Kurzzeitig schien Schmidt der Forderung nach einem bundeseinheitlichen Gesetz nachzukommen. In einem Bericht des Deutschlandfunks über die Konferenz mit seinen Länderkollegen sagte er: „Ich möchte nicht nur im Hinblick auf 1507 - den gentechnisch veränderten BT-Mais - sondern auch im Hinblick auf sieben andere gegenwärtig im Zulassungsverfahren befindliche Maissorten (...) diese sechs Monate nutzen, um dann ein Anbauverbot aussprechen zu können.“2 Auf Nachfrage macht Ministeriumssprecher Michael Hauck jedoch einen Rückzieher und zieht sich auf die Position zurück, dass eine rechtssichere Konstruktion für ein seit neuestem mögliches Verbot des Anbaus gentechnisch veränderter Pflanzen in Deutschland nur auf der Ebene der Bundesländer möglich sei.

Wissenschaft ist besorgt

Eine grundsätzlich andere Einschätzung der Lage vertreten die Nationale Akademie der Wissenschaften Leopoldina, die Deutsche Akademie der Technikwissenschaften - acatech und die Union der deutschen Akademien der Wissenschaften. Die Mitglieder einer eigens einberufene Arbeitsgruppe - besetzt mit bekannten Gentech-Fans wie dem Potsdamer Genetikprofessor Bernd Müller-Röber oder dem Göttinger Agrarökonom Matin Qaim, „sehen durch solche Anbauverbote in Deutschland die Forschungs- und Berufsfreiheit, den Schutz des Eigentums sowie die allgemeine Handlungsfreiheit und damit die Chancen der Erforschung, Weiterentwicklung und kommerziellen Nutzung der Grünen Gentechnik akut bedroht“.3 Bezüglich der Novellierung des Gentechnikgesetzes machen sie ergänzend zu der Umsetzung der europäischen Opt out-Regulierung 4 ein weiteres Fass auf: Die Mitglieder der Abeitsgruppe empfehlen, „für die Risikobewertung zukünftig vor allem auf die spezifischen Eigenschaften neuer Pflanzensorten und nicht auf den Prozess ihrer Erzeugung abzustellen“.

Offene Fragen

Demgegenüber hatten sich zivilgesellschaftliche Gruppen ebenfalls für die bundeseinheitliche Regelung eingesetzt, zuletzt im Rahmen einer von knapp 340.000 Personen unterstützten Online-Aktion und einem gemeinsamen Brief.
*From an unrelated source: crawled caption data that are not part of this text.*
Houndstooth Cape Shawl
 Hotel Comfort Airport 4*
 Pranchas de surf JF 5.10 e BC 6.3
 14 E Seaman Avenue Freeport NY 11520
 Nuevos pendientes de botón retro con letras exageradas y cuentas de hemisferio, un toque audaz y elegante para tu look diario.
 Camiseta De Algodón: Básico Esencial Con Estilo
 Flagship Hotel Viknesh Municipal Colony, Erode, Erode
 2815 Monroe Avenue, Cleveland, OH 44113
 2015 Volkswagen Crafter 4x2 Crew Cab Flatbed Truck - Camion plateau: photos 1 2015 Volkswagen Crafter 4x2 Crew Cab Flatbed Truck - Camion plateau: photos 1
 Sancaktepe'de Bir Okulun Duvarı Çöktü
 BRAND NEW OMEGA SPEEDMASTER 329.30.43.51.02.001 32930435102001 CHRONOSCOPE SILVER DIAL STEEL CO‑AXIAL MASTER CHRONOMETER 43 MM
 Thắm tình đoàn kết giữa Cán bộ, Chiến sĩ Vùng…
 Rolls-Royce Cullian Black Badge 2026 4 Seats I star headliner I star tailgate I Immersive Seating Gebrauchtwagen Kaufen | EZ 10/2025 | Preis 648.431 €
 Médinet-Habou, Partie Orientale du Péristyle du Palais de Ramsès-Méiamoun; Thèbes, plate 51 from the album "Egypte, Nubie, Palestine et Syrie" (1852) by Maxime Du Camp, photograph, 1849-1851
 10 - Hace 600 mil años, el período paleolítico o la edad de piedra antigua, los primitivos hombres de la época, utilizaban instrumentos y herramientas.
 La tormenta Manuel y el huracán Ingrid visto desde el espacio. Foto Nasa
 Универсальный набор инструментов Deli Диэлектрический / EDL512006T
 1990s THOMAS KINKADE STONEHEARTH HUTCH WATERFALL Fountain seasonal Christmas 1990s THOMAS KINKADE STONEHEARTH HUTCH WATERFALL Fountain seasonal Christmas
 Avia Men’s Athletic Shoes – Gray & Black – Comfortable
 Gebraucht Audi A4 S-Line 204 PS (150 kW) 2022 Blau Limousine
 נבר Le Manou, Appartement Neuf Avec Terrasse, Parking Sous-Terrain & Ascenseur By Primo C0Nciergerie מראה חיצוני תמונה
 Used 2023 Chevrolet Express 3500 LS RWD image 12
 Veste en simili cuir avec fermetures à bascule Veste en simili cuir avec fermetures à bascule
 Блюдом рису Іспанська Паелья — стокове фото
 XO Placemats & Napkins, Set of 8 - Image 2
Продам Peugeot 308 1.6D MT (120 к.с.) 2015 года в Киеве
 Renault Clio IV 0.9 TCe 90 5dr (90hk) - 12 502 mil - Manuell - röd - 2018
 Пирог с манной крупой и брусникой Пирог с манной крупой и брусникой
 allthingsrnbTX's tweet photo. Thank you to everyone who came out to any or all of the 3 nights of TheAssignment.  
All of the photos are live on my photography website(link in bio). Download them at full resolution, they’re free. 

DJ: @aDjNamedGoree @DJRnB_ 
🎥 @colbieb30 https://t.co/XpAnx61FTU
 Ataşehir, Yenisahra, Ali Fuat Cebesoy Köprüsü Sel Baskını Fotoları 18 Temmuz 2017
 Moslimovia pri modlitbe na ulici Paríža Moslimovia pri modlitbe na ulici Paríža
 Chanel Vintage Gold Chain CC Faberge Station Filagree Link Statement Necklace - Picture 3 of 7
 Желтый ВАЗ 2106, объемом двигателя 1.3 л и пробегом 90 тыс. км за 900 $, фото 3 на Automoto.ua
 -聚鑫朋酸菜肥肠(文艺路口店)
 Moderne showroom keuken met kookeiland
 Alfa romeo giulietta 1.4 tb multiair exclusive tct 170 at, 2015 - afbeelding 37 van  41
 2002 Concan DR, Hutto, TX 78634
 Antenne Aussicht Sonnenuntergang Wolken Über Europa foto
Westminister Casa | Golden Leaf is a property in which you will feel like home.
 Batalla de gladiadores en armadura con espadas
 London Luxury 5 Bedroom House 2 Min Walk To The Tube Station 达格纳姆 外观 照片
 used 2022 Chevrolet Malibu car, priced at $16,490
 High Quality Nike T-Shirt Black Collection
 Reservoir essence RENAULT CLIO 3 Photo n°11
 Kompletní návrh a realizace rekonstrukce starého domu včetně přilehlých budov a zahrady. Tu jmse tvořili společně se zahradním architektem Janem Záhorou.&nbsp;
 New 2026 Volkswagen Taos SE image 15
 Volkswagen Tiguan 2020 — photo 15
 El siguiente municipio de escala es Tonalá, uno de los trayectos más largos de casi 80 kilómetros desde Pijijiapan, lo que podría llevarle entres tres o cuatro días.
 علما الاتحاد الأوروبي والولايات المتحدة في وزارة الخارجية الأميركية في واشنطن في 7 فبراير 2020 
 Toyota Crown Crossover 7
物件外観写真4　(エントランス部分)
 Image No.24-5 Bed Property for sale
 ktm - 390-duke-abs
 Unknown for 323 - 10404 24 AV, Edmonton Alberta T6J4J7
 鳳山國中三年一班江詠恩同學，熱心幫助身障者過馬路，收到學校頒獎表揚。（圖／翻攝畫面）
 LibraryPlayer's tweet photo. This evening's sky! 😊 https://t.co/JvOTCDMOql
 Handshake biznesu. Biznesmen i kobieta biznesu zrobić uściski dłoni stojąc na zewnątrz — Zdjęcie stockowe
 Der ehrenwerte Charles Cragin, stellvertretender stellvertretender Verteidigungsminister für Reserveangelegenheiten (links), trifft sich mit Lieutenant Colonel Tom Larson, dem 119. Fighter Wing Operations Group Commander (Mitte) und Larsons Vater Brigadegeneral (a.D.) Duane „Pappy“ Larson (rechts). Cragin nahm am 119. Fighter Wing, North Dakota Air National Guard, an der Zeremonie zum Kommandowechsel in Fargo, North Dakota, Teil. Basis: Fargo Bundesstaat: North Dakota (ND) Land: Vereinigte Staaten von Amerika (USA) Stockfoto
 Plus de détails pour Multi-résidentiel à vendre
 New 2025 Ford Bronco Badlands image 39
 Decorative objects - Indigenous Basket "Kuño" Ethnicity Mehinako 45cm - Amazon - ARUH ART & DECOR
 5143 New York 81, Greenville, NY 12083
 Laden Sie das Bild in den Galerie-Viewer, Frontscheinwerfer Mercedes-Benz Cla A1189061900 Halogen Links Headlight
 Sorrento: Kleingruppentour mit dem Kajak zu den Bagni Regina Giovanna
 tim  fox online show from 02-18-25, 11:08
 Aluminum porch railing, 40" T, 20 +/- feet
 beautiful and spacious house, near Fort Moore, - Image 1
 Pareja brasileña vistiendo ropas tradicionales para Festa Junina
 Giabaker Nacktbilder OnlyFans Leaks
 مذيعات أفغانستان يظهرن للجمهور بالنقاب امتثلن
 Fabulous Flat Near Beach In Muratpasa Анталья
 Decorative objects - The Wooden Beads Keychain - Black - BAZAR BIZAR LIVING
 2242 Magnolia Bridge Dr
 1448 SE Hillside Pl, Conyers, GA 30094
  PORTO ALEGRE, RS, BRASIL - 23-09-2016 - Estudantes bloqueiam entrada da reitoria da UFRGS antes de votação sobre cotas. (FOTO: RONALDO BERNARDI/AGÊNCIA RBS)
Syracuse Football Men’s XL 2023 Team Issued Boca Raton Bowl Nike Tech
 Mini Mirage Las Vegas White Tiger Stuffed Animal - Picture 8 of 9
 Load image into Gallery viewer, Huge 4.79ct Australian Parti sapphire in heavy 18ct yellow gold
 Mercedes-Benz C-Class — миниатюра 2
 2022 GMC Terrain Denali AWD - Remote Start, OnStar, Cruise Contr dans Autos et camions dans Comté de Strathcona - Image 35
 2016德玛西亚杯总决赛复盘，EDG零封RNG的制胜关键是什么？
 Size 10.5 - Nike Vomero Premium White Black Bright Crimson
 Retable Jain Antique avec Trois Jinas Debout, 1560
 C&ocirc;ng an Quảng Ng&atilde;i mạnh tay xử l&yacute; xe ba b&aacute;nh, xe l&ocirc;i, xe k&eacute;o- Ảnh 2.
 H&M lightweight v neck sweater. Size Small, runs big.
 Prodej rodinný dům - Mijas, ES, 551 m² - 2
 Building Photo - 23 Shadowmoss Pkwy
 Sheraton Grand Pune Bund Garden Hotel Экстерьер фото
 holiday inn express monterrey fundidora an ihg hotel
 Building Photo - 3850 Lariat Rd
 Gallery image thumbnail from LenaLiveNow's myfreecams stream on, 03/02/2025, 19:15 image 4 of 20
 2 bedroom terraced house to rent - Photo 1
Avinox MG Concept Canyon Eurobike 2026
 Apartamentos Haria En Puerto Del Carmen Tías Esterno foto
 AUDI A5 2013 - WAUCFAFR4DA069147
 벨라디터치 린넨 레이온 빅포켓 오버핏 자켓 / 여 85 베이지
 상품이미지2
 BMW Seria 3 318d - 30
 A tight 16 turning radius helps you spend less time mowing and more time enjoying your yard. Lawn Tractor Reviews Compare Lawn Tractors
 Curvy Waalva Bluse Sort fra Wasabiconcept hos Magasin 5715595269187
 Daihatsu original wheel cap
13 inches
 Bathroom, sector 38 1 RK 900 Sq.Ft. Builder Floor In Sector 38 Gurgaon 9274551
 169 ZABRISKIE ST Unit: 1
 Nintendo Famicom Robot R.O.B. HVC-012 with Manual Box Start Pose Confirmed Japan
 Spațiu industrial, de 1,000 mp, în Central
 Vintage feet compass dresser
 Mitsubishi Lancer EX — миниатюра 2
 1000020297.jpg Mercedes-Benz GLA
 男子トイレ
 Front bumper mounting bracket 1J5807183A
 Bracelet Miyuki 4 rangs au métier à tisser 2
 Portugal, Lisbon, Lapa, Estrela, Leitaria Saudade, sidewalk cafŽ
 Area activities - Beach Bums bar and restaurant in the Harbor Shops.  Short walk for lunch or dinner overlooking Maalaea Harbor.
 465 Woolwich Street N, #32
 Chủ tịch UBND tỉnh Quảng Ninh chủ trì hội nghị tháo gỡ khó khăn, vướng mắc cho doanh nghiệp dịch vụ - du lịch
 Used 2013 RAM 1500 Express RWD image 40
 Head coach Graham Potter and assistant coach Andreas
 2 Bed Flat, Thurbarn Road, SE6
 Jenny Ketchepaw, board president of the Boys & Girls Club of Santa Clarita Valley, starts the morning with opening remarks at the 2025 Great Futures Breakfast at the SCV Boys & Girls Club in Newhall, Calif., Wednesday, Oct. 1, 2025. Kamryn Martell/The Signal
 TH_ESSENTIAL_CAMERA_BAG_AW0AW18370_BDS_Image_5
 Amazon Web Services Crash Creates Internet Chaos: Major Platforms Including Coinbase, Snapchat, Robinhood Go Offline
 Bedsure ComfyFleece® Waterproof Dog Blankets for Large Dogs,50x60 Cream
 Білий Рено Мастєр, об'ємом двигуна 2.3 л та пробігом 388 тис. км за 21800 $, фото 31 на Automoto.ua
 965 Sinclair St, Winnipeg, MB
Annemarie Volling von der Arbeitsgemeinschaft bäuerliche Landwirtschaft betont, dass jetzt „alle diejenigen gefragt seien, „die sich die Gentechnikfreiheit immer auf die Fahnen geschrieben haben“. Zudem blieben ihrer Meinung nach viele Fragen offen, sollte es nicht zu einer einheitlichen Regelung kommen, zum Beispiel: „Wie werden Lebensmittel verarbeitende Unternehmen und der Handel künftig ihren gentechnikfreien Rohstoffbezug sichern? Und wer bleibt auf den Kosten sitzen?“ Zudem sieht sie im Falle von 16 länderspezifischen Regulierungen eine weitere Gefahr: „Wer soll da noch durchblicken?“

  • 1. „Frühjahrs-Agrarministerkonferenz in Bad Homburg“. Pressemitteilung des Hessischen Landwirtschaftsministeriums, 20.03.15, www.hessen.de.
  • 2. „Einheitliche Verbotsregelung in Sichtweite“. Deutschlandfunk, 20.03.15, im Netz unter www.deutschlandfunk.de oder www.kurzlink.de/gid229_0. Am ersten April begann eine Frist von sechs Monaten, innerhalb derer die europäischen Vorgaben (siehe Fußnote 3) in deutsches Recht übertragen sein müssen.
  • 3. „Stellungnahme zur Grünen Gentechnik“ (2015). Im Netz unter www.leopoldina.org.
  • 4. Siehe zur Opt out-Regulierung auch GID 228 (Februar 2015, Seite 34), GID 227 (Dezember 2014, Seite 34) oder GID 225 (August, Seite 39).